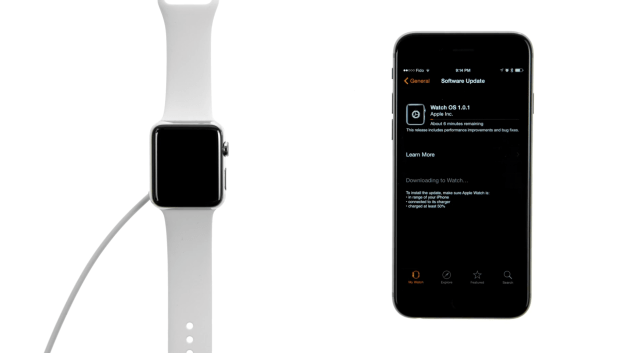 How to Update the Software on Your Apple Watch [Video]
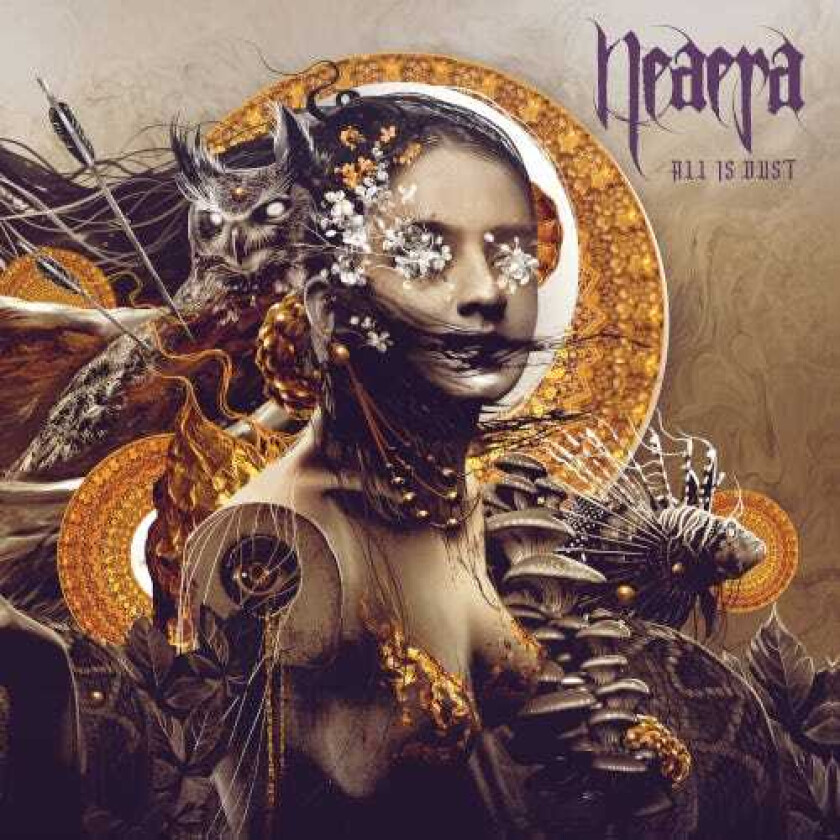 Neaera All is Dust CD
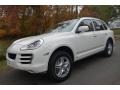 Front 3/4 View of 2008 Cayenne S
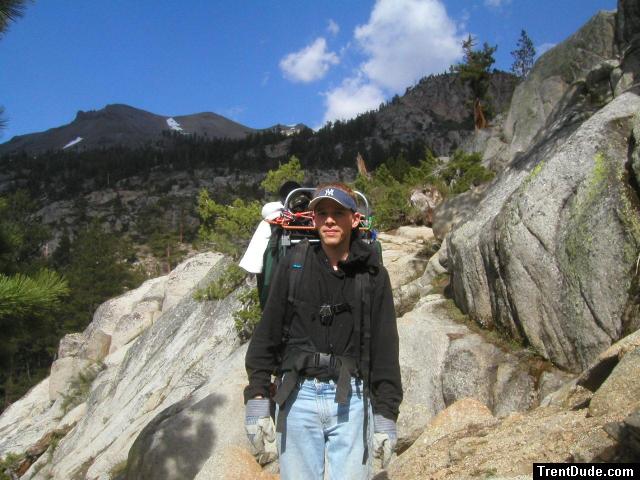 Hiking in Europe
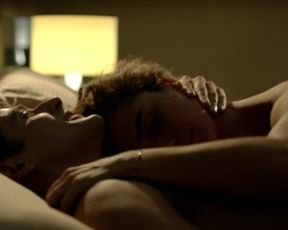 Giovanna Antonelli, Thalita Carauta, Fabiula Nascimento - S.O.S. Mulheres ao Mar 2 (2015) Naked scene of the film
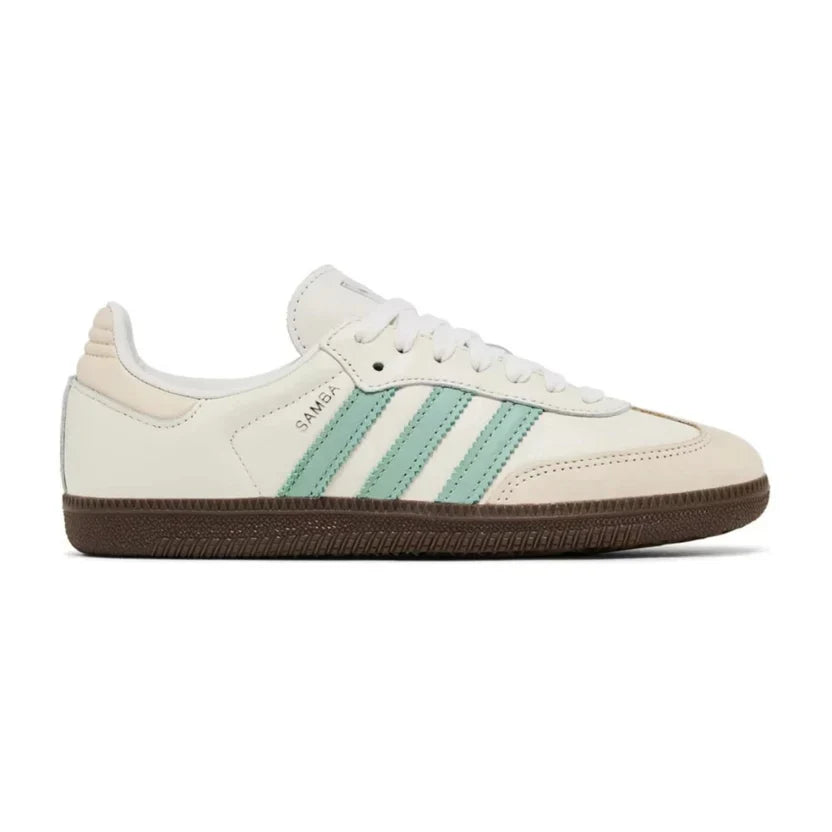 adidas Samba OG 'Hazy Green'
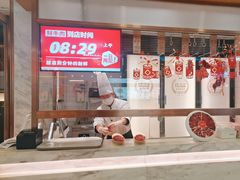 -左庭右院鲜牛肉火锅(浦江欢乐颂店)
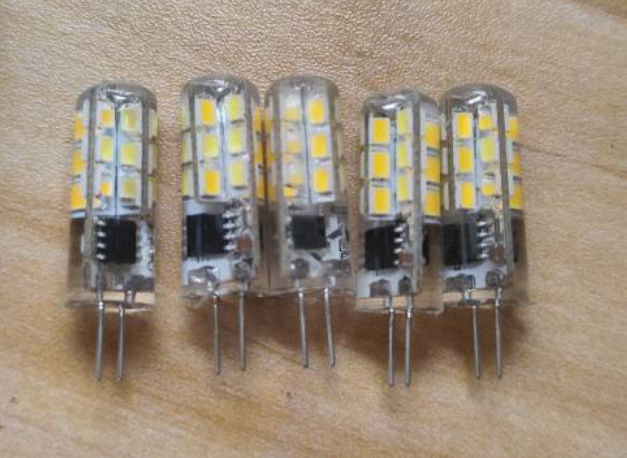 3W, три цвета, 220v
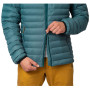 Herren-Daunenjacke Rafiki Project M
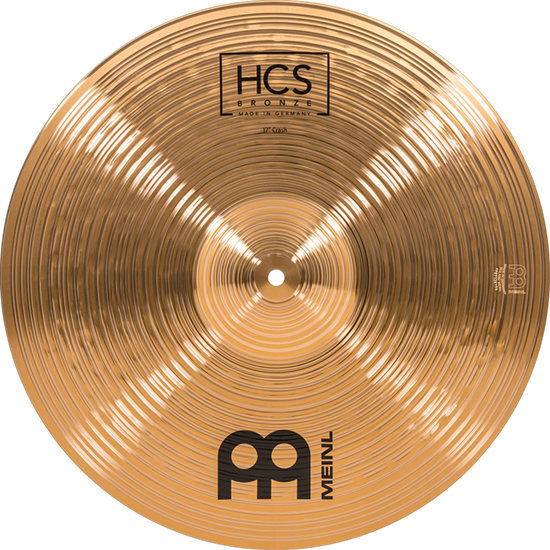 Meinl HCS Bronze 17" Crash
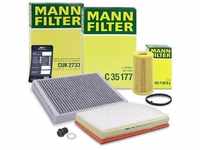 Mann-filter Inspektionspaket Filtersatz SET A für Volvo
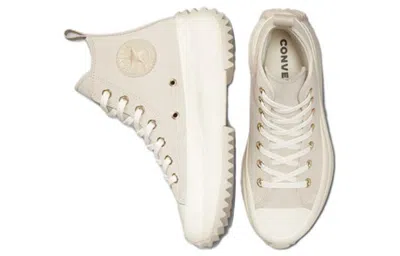 Converse Run Star Hike Platform High 'earthy Neutrals'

(What you will do): Repeat the records above exactly. No pictures go into the repeat.

(Result):
 How to Update the Software on Your Apple Watch [Video]
 Neaera All is Dust CD
 Front 3/4 View of 2008 Cayenne S
 Hiking in Europe
 Giovanna Antonelli, Thalita Carauta, Fabiula Nascimento - S.O.S. Mulheres ao Mar 2 (2015) Naked scene of the film
 adidas Samba OG 'Hazy Green'
 -左庭右院鲜牛肉火锅(浦江欢乐颂店)
 3W, три цвета, 220v
 Herren-Daunenjacke Rafiki Project M
 Meinl HCS Bronze 17" Crash
 Mann-filter Inspektionspaket Filtersatz SET A für Volvo
 Converse Run Star Hike Platform High 'earthy Neutrals'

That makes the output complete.